The Cabinet Secretary was speaking during the launch of the Excellence Charter developed by the Office of the Director of Public Prosecutions (ODPP) to drive fundamental reforms in public prosecution over the next three years (2020-2023).
The aim of this Excellence Charter is to transform the ODPP into a prosecution service that is more responsive to the needs of citizens.
He lauded the Charter as a greater commitment by the ODPP to advance inter-agency collaboration towards achieving excellence in complex litigation and emerging crimes.
“The launch of the Excellence Charter is a new ground that you have broken. You have immediately thrown a challenge to all of us. You are now blazing the trail, and we need to follow suit and develop a similar culture of excellence. Agreeing to develop an accountability framework is the first admission by the ODPP that they are ready and willing to serve in a modern way and in line with the demands of our time,” Dr Matiang’i said.

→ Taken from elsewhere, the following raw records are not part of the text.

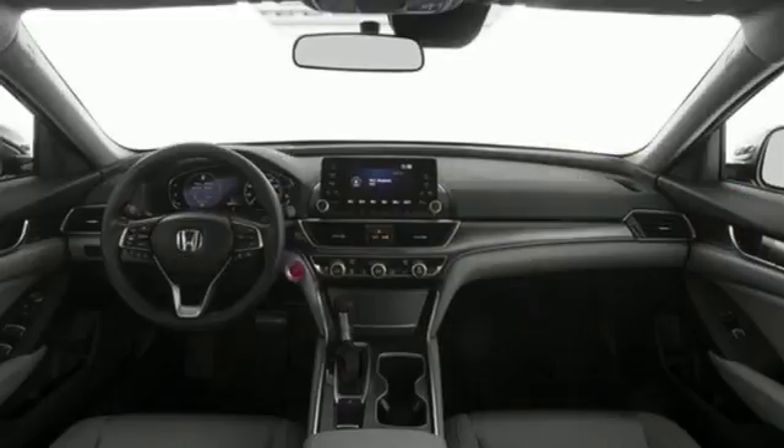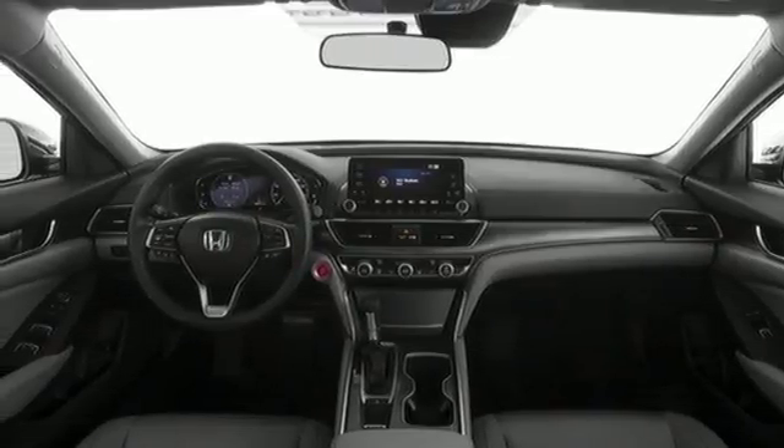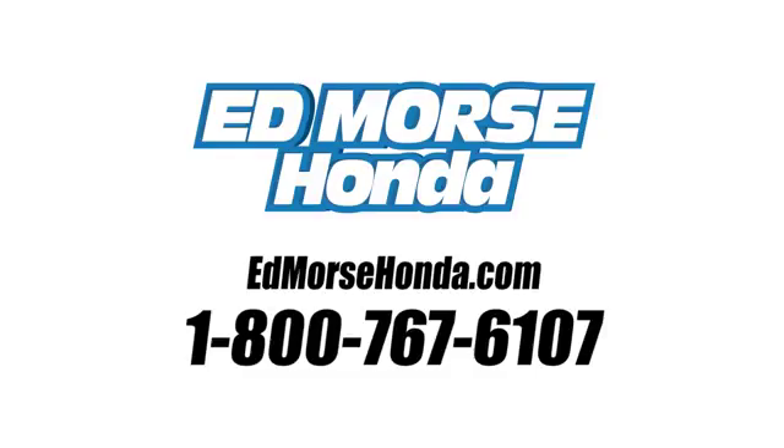Honda made no compromises with this distinctive Accord. Make it yours today. Call us today at 1-800-767-6107. For value and for service, it's Ed Morse.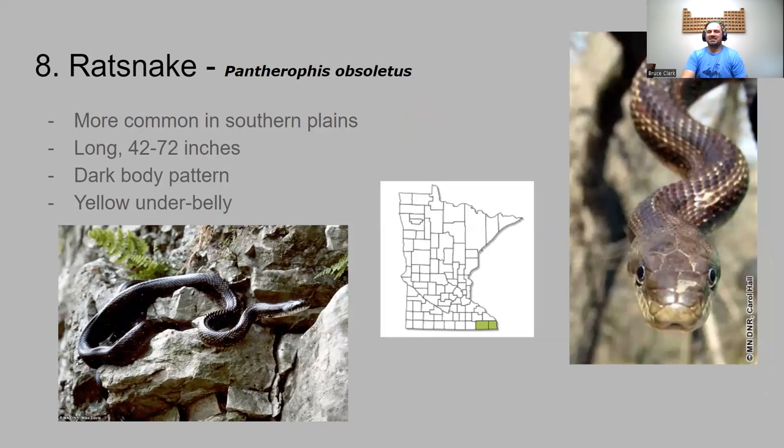Number eight is the rat snake. This one just barely made the cut — only found in those two most southeast counties in the state, though they're more common further south. They're long, three and a half to six feet in length. They have a really dark body pattern — a very dark body with a yellowish or creamy underbelly. That's number eight, the rat snake.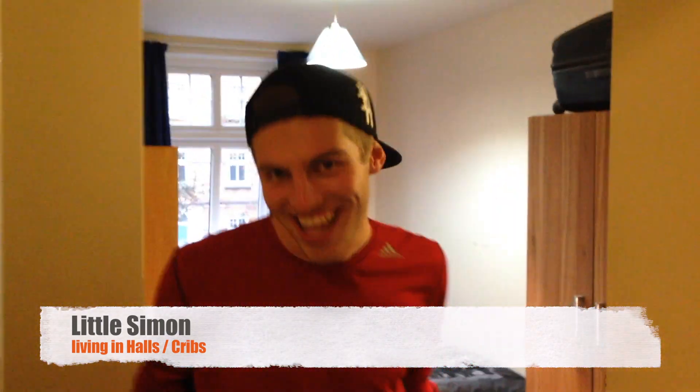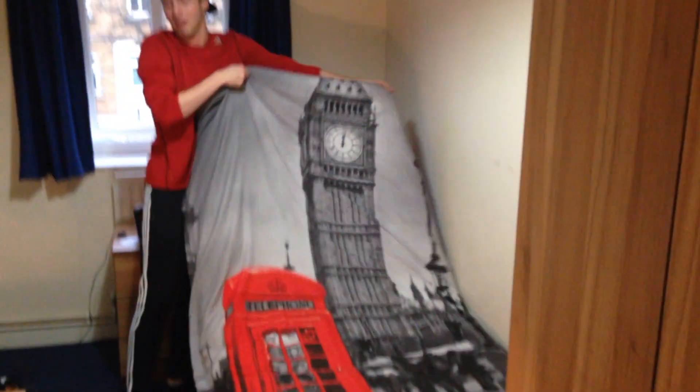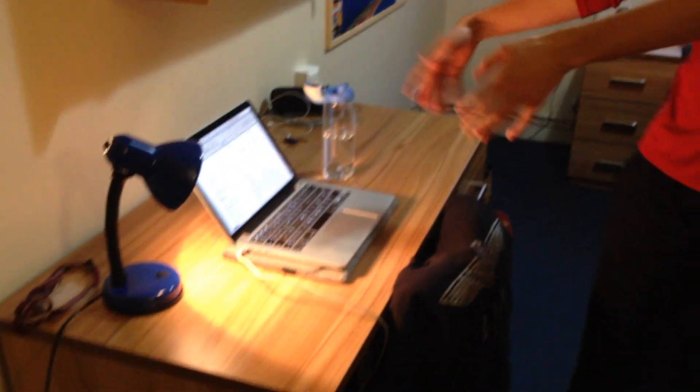Oh hey, come in! Welcome to my crib. So as you can see, this is where I live. Here is my beautiful space — I have my bed with my lovely London bed sheets on it, and my desk where I normally work. I was just working on something right now. My closet is over there.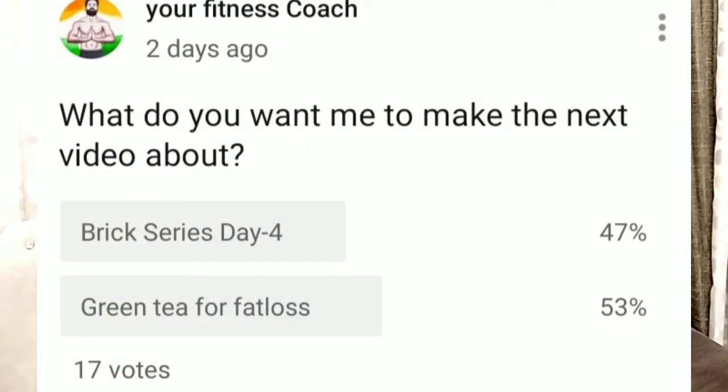Now let's come to the main topic. I actually made this video after a poll I had done on YouTube, where I asked my audience what video I should make next — green tea for fat loss, or the next day of my brick series.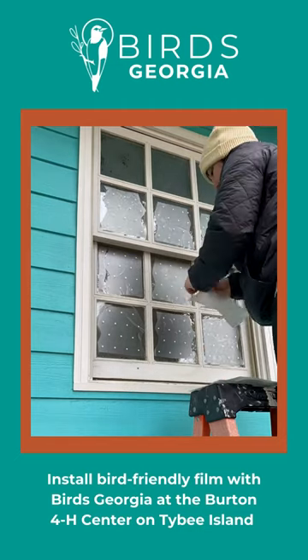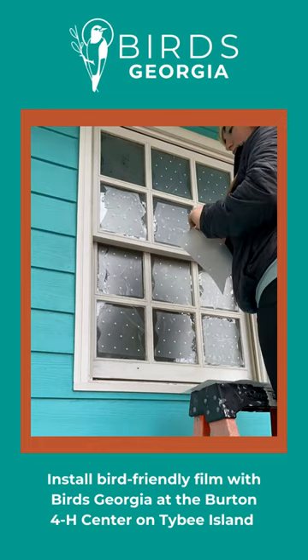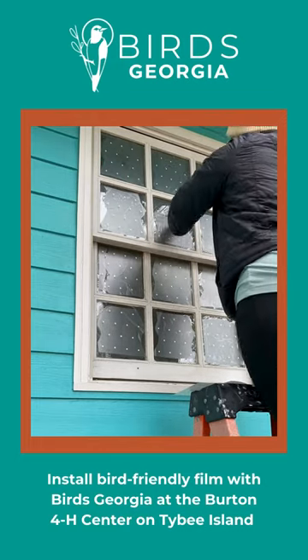Installing bird-friendly film is one way to combat this issue. This project was funded by the Disney Conservation Fund to reduce bird-building collisions on the Burton 4-H Center campus on Tybee Island.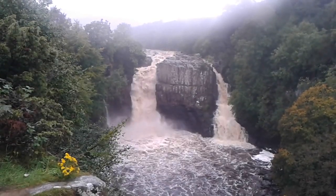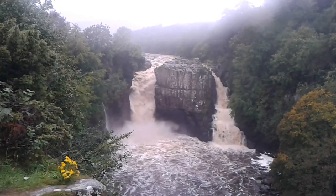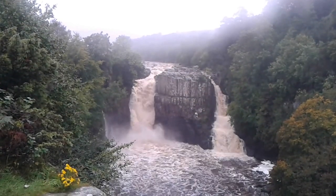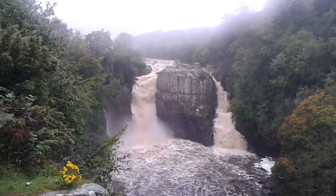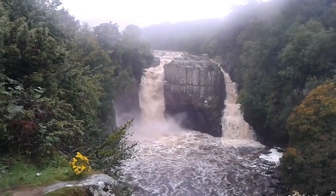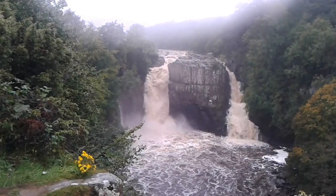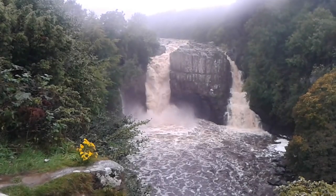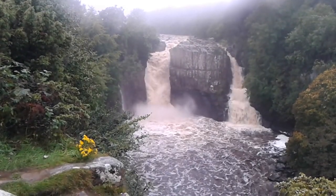This is High Force on the Tees. Usually the waterfall on the left is the only one that's seen, but as it's been raining so much, there's a waterfall on the right, and I think when it's raining loads and loads it goes straight down the middle as well. Very impressive waterfall.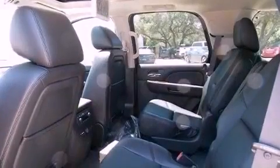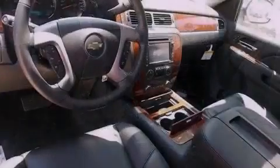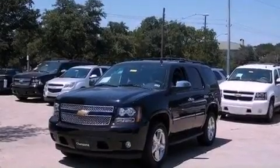Hill start assist, 10 perfectly positioned speakers, XM satellite radio, and the cooled seats create a 360-degree air-conditioned environment, keeping everyone comfortable the whole trip.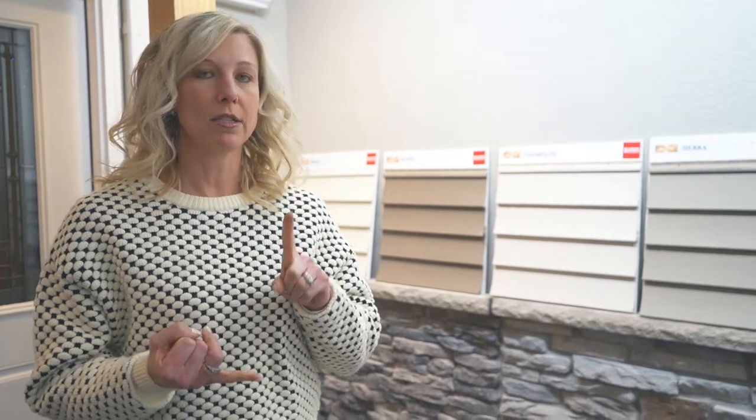The first thing we're going to do is your exterior, and that involves colors including your siding color. The vinyl options you see here are included in your base price. If you have upgraded to hardboard siding, then you'll get to choose any Sherwin-Williams paint color for the body of your home as well as a trim color.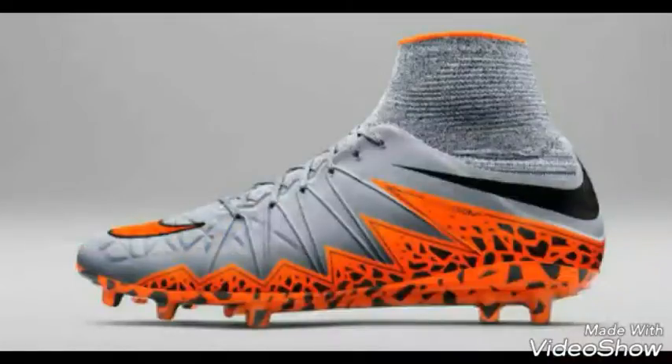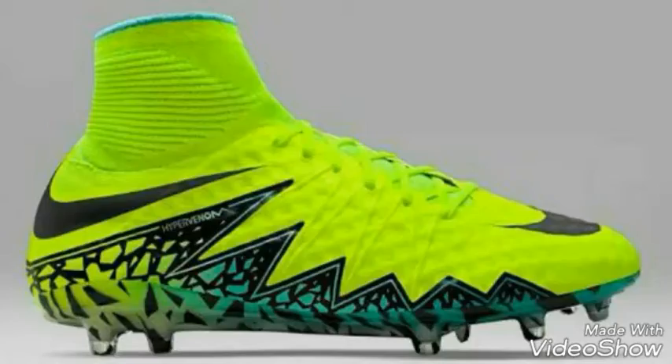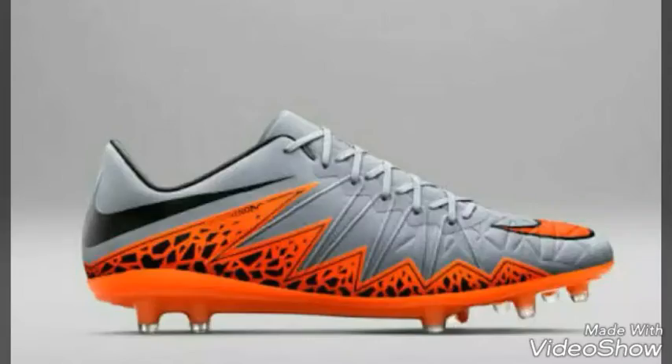At number three comes the Nike Tiempo Legend 6. That shoe is pretty good - I've worn it and the feel is great, better than the Nike Tiempo Legend 5. If you want to buy a Nike boot that's the best option, it's preferred for defenders. It comes in different colors but the one I like most is the white one because it's shiny. I bought the white one too, so yeah, at number three comes the Nike Tiempo Legend 6.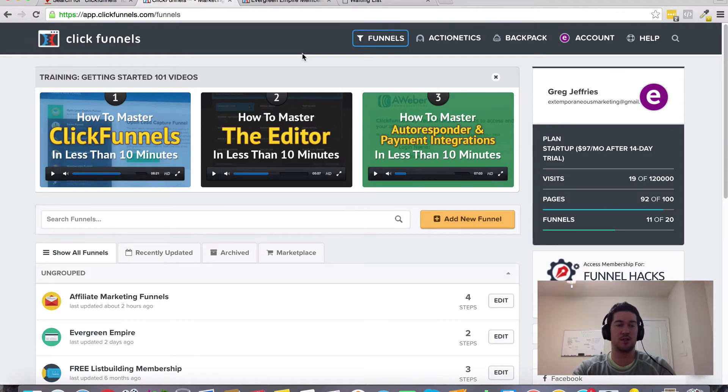Just reach out to me once you've created your ClickFunnels account and I'll hook you up with that bonus. Hopefully that answers your questions about surveys and how those integrate with ClickFunnels. I hope you got some value out of this video — if you did, give it a thumbs up and thanks so much for watching.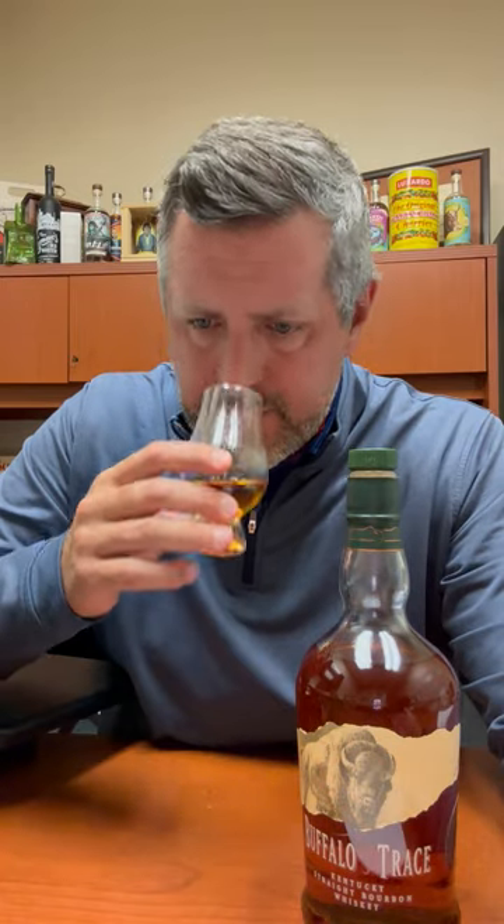This is really complex for a Buffalo Trace Single Barrel. Lots of length on the finish. Nice spice emerging. But that initial sweetness — more caramel, toffee, butterscotch — and then the depth of it, that spice that comes through in the end, it's fantastic.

“From the law enforcement part, we will do our part. We are trying to measure up to the expectations of fighting crime in the modern environment. We have already created a new cadre of police officers — all of them graduate trainees — who are currently undertaking a one-year training programme, and will graduate as cadet police officers drawn from various fields. As such, when we go into new ground of working on crime like cybersecurity, we have the capability to be of more value to the ODPP.”
On the issue of institutional independence, the CS said all other institutions in the criminal justice system will respect the lines that are drawn by the Constitution, but he prescribed the multi-agency framework of delivering in the security sector advocated for by President Uhuru Kenyatta.
“Constructive cooperation is the way to go — it is not compromised. We do not interfere with each other: we respect the independent offices we have,” he added.
A comprehensive set of Standard Operating Procedures (SOPs) on investigation and prosecution of serious human rights violations committed by police officers was also launched during the event.